3. Entgegen der Auffassung des Verteidigers des Verurteilten hat die Strafvollstreckungskammer zu Recht über die Aussetzung der Vollstreckung der Strafreste in beiden Verfahren isoliert entschieden. Denn die Voraussetzungen für eine gleichzeitige Entscheidung nach § 454b Abs. 3 StPO liegen nicht vor. Eine entsprechende Anwendung dieser Bestimmung kommt ebenfalls nicht in Betracht.

a) Nach § 454b Abs. 3 StPO trifft das Gericht, wenn die Vollstreckungsbehörde bei mehreren nacheinander zu vollstreckenden Freiheitsstrafen die Vollstreckung der zunächst vollstreckten Freiheitsstrafe nach § 454b Abs. 2 StPO unterbrochen hat, die Entscheidungen nach § 57 StGB erst, wenn über die Aussetzung der Vollstreckung der Reste aller Strafen gleichzeitig entschieden werden kann. Diese Voraussetzungen liegen hier deshalb nicht vor, weil die Vollstreckung keiner der beiden von dem Verurteilten zu verbüßenden Strafen nach § 454b Abs. 2 StPO unterbrochen worden ist. Die Vollstreckung der mit Urteil des Landgerichts Saarbrücken vom 3. Juli 2003 verhängten Gesamtfreiheitsstrafe dauert an. Die Vollstreckung der mit Urteil des Amtsgerichts München vom 19. September 2006 verhängten Gesamtfreiheitsstrafe ist ebenfalls nicht unterbrochen worden.
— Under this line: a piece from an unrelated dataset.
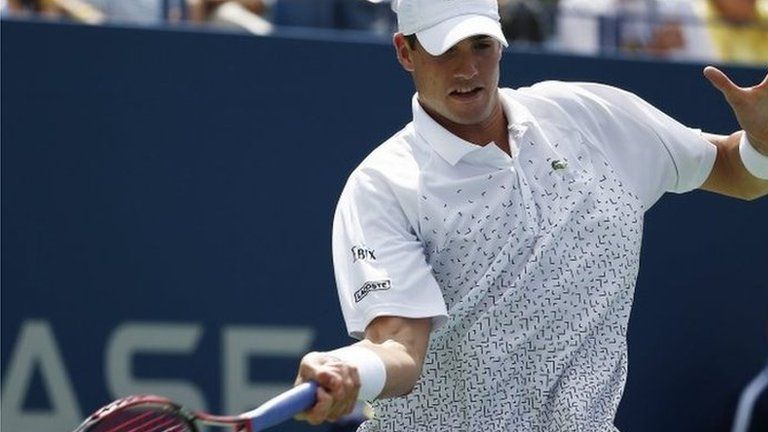 John Isner of the US hits a return to Marcos Giron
Vielmehr ist der Verurteilte - wie sich aus der Stellungnahme der Justizvollzugsanstalt München vom 28. Februar 2007 und den Vermerken der Staatsanwaltschaft München I vom 12. Oktober 2006 sowie vom 5. März 2007 (Bl. 1, 17 und 19 des Gesuchshefts der Staatsanwaltschaft München I in der Sache 231 Js 206221/06) ergibt - im Termin vom 19. September 2006 vor dem Amtsgericht München aus der Untersuchungshaft entlassen worden, nachdem der Untersuchungshaftbefehl aufgehoben worden war. In der Folgezeit ist der Verurteilte weder zum Strafantritt geladen worden noch ist eine Anschlussvollstreckung vorgesehen.
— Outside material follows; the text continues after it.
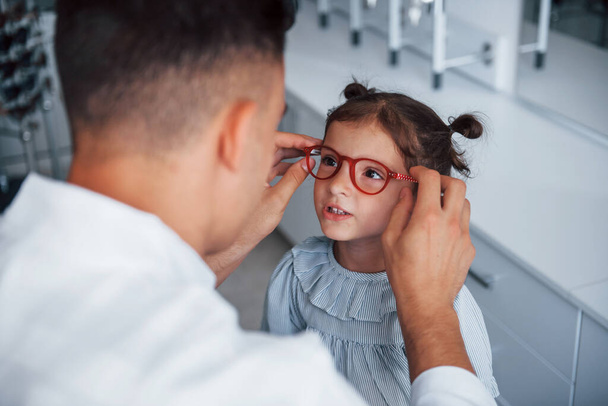 Молодий педіатр у білому пальто допомагає отримати нові окуляри для маленької дівчинки
. - Фото, зображення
b) Bei dieser Sachlage kommt auch eine entsprechende Anwendung des § 454b Abs. 3 StPO nicht in Betracht. Zwar findet § 454b Abs. 3 StPO nach umstrittener Auffassung entsprechende Anwendung, wenn eine Unterbrechung der Vollstreckung nach § 454b Abs. 2 Satz 1 StPO nicht stattgefunden hat, sondern nach der derzeit vollstreckten Freiheitsstrafe weitere Strafreste nach Widerruf der hierfür früher gewährten Aussetzung zur Bewährung zur Vollstreckung anstehen (vgl. OLG Düsseldorf StV 1993, 257, 258; OLG Rostock StV 1994, 194; a. A.: Meyer-Goßner, a. a. O., § 454b Rn. 11). Ob dieser Auffassung zu folgen ist, bedarf vorliegend jedoch keiner Entscheidung, da deren Voraussetzungen hier nicht vorliegen. Eine Anschlussvollstreckung ist hinsichtlich des Rests der mit Urteil des Amtsgerichts München vom 19. September 2006 verhängten Gesamtfreiheitsstrafe gerade nicht vorgesehen. In diesem Fall verbleibt es bei isolierten Entscheidungen über die Aussetzung der Strafreste.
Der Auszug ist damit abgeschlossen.